> **Data**
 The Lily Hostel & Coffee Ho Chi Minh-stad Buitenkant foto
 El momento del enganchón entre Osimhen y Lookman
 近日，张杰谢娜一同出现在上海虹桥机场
* * *
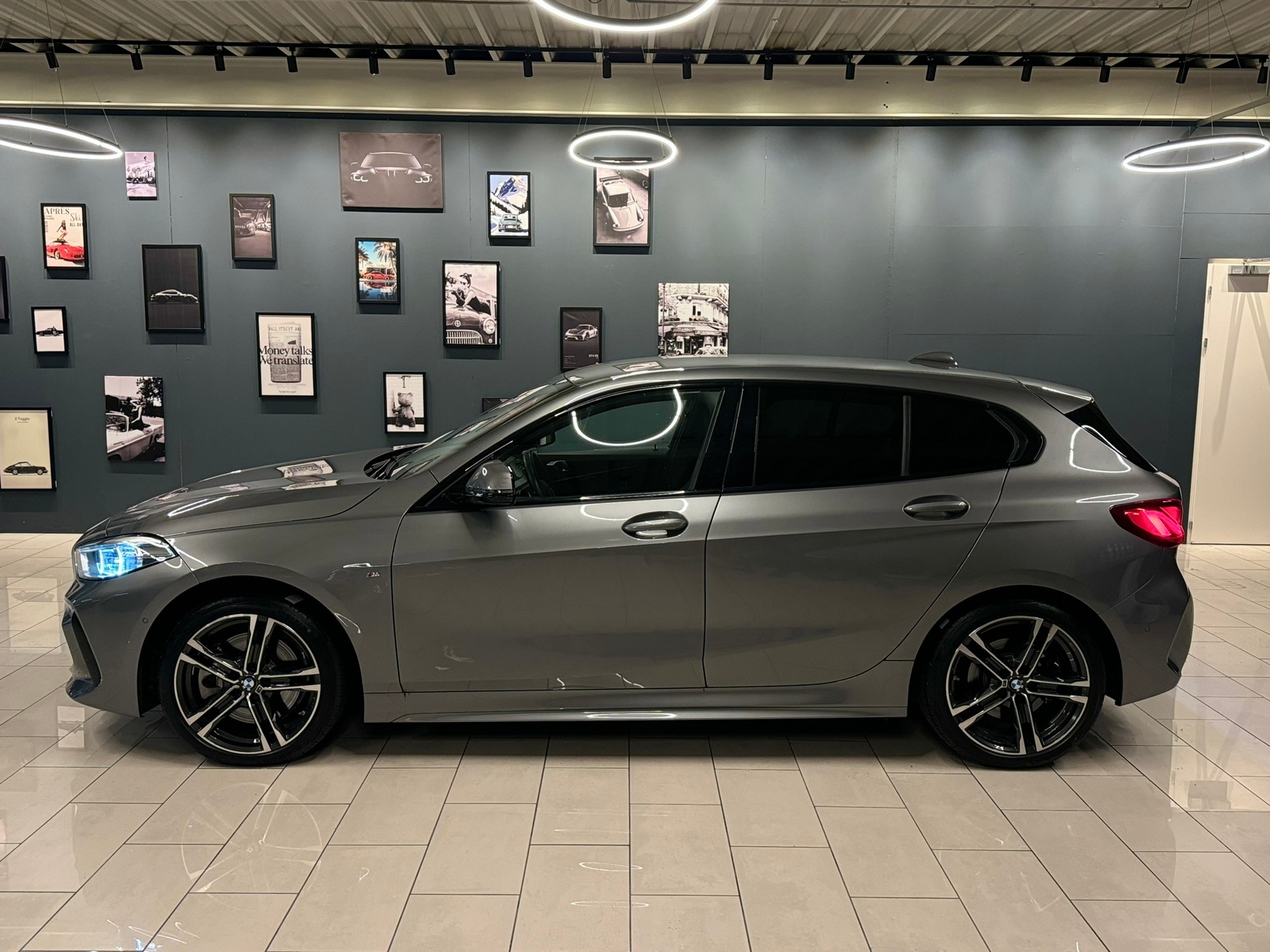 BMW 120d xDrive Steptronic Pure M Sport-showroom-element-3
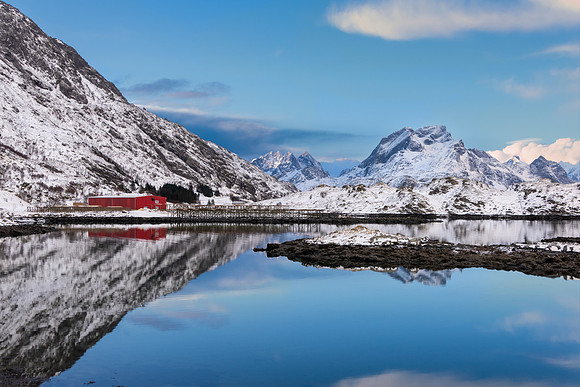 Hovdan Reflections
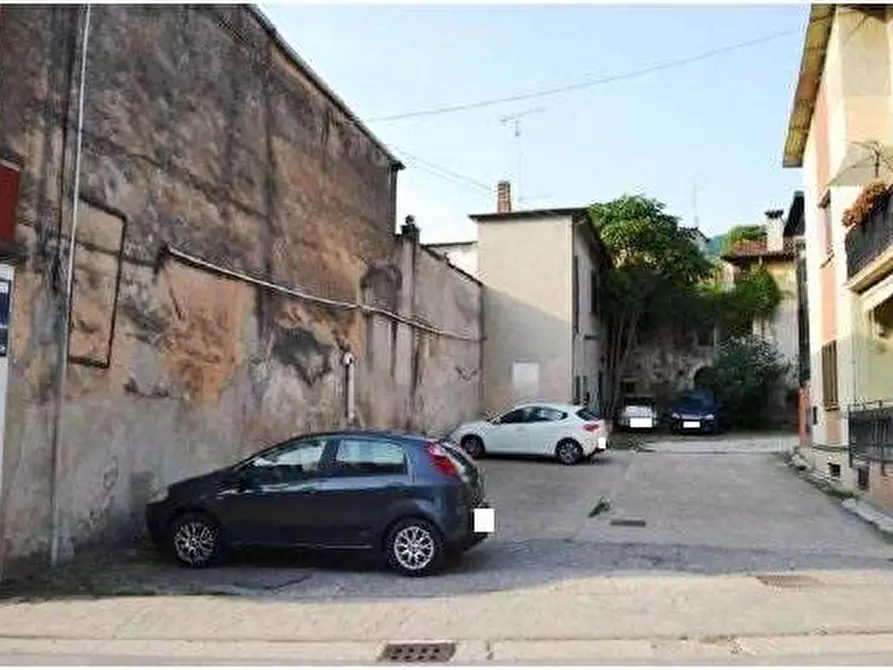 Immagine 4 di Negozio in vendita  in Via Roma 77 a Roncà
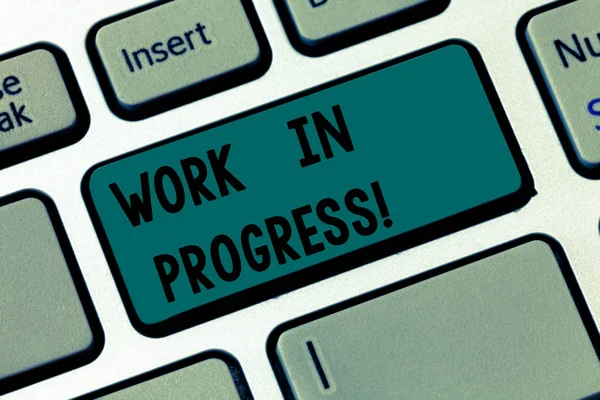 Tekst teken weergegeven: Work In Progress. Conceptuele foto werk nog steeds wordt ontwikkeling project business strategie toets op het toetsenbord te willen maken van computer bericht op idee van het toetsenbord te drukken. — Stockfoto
...
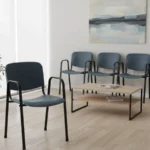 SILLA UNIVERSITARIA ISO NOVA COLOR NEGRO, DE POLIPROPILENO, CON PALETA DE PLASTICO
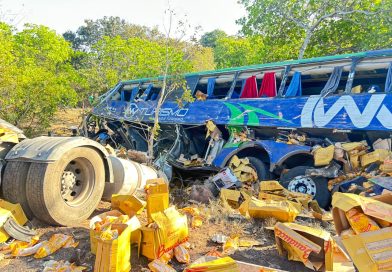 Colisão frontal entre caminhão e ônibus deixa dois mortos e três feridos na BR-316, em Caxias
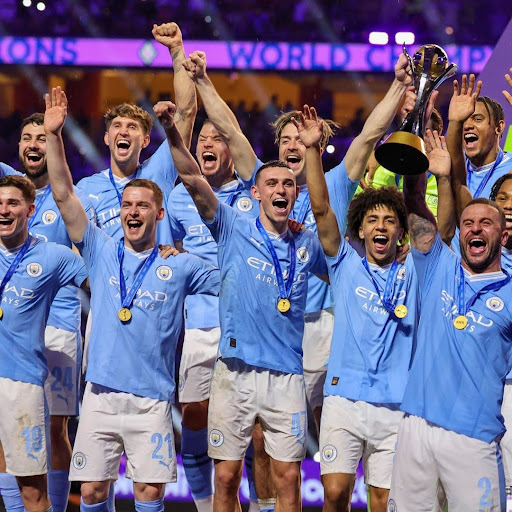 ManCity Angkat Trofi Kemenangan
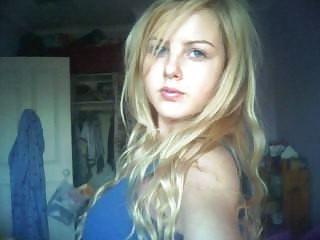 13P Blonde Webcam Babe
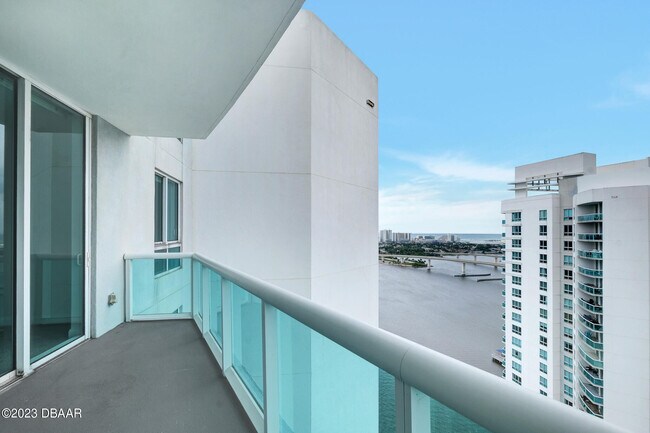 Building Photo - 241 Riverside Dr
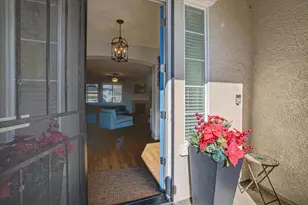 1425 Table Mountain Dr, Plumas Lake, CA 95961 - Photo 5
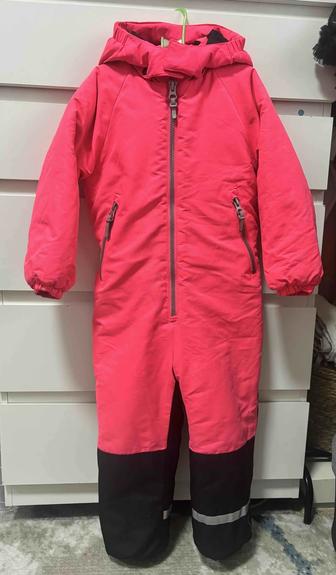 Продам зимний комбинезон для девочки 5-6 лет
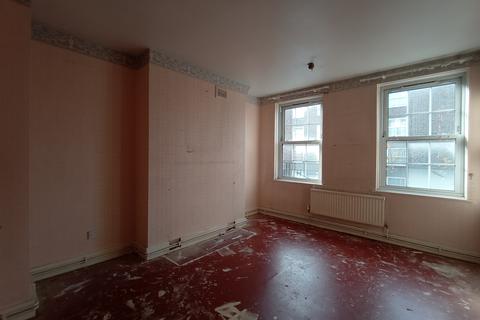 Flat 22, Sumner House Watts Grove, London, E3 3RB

> **Directions**
Give again the stretch of lines above from the one with "13P Blonde Webcam Babe" through the one with "Flat 22, Sumner", both ends kept, and copy no pictures.

> **Solution to this task**
 13P Blonde Webcam Babe
 Building Photo - 241 Riverside Dr
 1425 Table Mountain Dr, Plumas Lake, CA 95961 - Photo 5
 Продам зимний комбинезон для девочки 5-6 лет
 Flat 22, Sumner House Watts Grove, London, E3 3RB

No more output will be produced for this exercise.